Pada saat makan malam, Billu membuka pembicaraan mengenai rencana penyerangan itu, “ Tuan, apakah tuan tak curiga dengan sikap Kapten itu?”
“Maksudmu Billu?” tanya Daeng Serang menghentikan makannya.
“Ini bukan hanya aksi balas dendam tuan, tapi menurutku ini sesuatu yang lebih besar, penaklukan kerajaan, bangsa kulit putih itu pasti ingin menguasai semua kerajaan, pada awalnya mungkin akan membiarkan kita membalas dendam, lalu selanjutnya ia akan mengambil alih seluruh kerajaan, tidakkah begitu tuan?”.
“Jaga bicaramu billu, aku mengenal Kapten Van Spellen, ia selalu menepati janjinya, lagi pula misi ini sangat penting baginya, jika ia gagal maka karirnya diujung tanduk, cepat atau lambat ia pasti dikembalikan ke ternate. Kau juga harus ingat bagaimana kerajaan memperlakukan kita, tepat di tempat kita saat ini, belasan tahun lalu, mereka memperbudak kita, menyiksa sampai tak terperi hanya karena nafsu kekuasaan, saya tak akan mundur setapak pun, mereka punya kulit sewarna dengan kita, tapi memperlakukan kita tak lebih dari binatang,”
“Tapi, tuan!?
“Ini saatnya kita menegakkan siri, kita telah mengarungi banyak negeri lain, menempuh berbagai macam bahaya, hanya untuk satu tujuan yakni kembali dan membuat perhitungan dengan harga yang pantas mereka bayar atas perlakuan mereka selama ini. Bacukiki, Binamu, Tanete dan Ajatappareng akan membantu kita, saya sudah mengutus Daeng lira, Leko dan Bura untuk menyebarkan pesan itu, tanggal dan jamnya sudah pasti, jadi, jangan lagi kau mendebat ku, ‘uallenagi tallang na toalia’ lebih baik saya tenggelam daripada kembali, itu prinsip kita.”
Mendengar jawapan tuannya, Billu diam tak membalas, ia melangkah keluar dan memandang ke kejauhan tanpa berbicara. Ia mengingat kembali sumpahnya untuk mengawal Daeng Serang, disatu sisi, ia khawatir dengan keselamatan tuannya, disisi yang lain, ia tak ingin tanah airnya jatuh ke tangan orang kulit putih. Ia membayangkan betapa mengerikan pertempuran yang akan terjadi.

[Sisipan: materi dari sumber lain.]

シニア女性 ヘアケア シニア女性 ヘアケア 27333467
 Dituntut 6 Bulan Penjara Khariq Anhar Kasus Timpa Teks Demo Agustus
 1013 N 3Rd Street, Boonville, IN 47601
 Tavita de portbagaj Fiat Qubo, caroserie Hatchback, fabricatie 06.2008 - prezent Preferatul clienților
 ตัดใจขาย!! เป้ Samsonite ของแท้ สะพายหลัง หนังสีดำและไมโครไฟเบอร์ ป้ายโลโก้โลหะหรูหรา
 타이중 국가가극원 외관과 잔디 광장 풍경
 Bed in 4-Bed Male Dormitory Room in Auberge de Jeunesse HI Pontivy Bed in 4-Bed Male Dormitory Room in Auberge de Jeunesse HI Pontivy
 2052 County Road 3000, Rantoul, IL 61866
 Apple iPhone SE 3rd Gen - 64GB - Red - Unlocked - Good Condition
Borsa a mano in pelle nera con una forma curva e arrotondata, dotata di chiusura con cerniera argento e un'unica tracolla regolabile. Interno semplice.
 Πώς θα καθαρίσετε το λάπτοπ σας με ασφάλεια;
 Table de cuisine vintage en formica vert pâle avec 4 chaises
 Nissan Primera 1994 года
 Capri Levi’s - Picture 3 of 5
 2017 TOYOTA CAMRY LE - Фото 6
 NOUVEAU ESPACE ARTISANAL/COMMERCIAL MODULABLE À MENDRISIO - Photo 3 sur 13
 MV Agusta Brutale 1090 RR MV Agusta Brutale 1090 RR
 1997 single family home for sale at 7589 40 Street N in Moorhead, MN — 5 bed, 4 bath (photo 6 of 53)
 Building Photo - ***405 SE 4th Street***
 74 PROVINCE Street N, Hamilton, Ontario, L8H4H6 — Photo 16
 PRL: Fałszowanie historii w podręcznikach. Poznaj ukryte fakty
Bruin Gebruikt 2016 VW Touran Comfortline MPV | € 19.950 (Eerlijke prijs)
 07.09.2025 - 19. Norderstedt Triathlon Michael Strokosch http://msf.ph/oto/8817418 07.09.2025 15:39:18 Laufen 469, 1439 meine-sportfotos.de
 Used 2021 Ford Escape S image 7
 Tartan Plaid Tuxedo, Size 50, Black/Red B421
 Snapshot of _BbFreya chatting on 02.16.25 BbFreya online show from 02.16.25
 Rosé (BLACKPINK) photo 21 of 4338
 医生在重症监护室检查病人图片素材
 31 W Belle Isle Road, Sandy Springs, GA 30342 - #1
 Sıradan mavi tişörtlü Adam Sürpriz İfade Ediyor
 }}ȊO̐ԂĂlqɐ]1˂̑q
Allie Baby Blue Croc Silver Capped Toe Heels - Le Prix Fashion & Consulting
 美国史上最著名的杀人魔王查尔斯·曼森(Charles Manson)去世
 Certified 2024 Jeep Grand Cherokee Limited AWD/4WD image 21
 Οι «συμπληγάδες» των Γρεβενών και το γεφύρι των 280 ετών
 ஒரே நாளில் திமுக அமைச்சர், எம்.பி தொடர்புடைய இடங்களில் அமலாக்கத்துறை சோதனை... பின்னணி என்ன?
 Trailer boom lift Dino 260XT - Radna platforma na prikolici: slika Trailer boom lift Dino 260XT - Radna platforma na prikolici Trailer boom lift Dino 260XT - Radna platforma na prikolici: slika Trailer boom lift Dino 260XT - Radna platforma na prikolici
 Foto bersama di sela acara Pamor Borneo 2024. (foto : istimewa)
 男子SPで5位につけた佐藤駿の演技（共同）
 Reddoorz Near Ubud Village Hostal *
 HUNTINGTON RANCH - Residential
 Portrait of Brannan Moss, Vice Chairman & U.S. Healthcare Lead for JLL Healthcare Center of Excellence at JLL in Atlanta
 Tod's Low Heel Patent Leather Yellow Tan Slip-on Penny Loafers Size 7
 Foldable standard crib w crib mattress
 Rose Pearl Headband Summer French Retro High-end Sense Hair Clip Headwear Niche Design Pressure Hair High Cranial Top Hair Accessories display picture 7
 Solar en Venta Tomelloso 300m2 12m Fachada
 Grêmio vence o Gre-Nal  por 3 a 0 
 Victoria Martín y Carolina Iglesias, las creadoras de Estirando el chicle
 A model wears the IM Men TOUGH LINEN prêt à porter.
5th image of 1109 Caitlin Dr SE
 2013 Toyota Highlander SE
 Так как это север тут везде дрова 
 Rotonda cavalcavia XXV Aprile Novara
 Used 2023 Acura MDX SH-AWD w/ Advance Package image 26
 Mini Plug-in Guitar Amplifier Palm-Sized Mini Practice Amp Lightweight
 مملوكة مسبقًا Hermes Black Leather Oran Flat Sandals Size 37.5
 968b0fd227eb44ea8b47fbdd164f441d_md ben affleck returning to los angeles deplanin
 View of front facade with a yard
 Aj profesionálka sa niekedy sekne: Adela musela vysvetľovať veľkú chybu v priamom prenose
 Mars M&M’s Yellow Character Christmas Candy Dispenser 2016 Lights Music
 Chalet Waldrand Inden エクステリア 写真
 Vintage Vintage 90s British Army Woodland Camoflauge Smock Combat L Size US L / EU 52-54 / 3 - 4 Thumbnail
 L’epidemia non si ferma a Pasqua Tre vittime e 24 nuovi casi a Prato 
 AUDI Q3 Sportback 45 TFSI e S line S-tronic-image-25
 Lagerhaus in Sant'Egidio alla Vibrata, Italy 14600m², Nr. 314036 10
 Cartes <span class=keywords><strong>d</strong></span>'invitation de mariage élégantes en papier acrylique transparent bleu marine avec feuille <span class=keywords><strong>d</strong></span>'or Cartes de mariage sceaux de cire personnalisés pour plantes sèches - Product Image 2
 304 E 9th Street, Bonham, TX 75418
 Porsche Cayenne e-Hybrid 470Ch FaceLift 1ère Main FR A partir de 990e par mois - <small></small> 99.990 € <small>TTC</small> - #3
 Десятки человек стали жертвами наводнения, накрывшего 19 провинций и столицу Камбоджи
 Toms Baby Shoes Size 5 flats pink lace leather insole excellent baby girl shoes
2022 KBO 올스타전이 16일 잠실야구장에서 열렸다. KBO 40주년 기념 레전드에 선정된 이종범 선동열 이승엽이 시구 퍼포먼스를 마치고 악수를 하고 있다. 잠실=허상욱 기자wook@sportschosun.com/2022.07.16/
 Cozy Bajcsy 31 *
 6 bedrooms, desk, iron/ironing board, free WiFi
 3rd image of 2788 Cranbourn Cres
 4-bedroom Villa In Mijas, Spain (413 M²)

Billu menarik nafas panjang mengisi rongga dadanya, merenungi apa yang ada di hadapannya; kesetiaan kepada tuannya, tanah air yang dicintainya, juga misi yang harus ia selesaikan. Entah mengapa Billu tak bisa tidur malam itu, ia mempunyai firasat yang kurang baik. Ia lalu menemui Sappe dan menceritakan apa yang ia rasakan, “saya hanya mengikuti perintah punggawa Daeng Serang dan saya percaya kepadanya,”kata Sappe.
***
Paginya Billu mendapati sang tuan sudah tak ada lagi, ia lalu membangun kan Sappe dan bergegas mencari Daeng Serang. Billu berlari seperti orang kebingungan dan dalam perjalanan ia mendengar istana dalam keadaan gempar. kata kabar yang tersebar raja terbunuh. Kabar itu menghentikan langkah Billu dan Sappe. “Apakah ini perbuatan Daeng Serang?” tanya Billu dalam hati. Mereka lalu meneruskan mencari Daeng Serang, sampai masuk ke dalam benteng musuh.
Benteng itu sunyi tak seperti yang diperkirakan, Billu dan Sappe hanya melihat beberapa perajurit penjaga, mereka lalu mencari celah untuk masuk lebih dalam ke kediaman raja. Sekitar beberapa depa didepannya, Billu melihat sosok yang dikenalinya, “itu Daeng Serang,” katanya kepada Sappe.
Mereka berlari ke arah sosok itu, namun naas sebelum sampai, sosok besar itu roboh dengan tubuh bersimbah darah. “Oh tuanku,,,”Billu bersimpuh.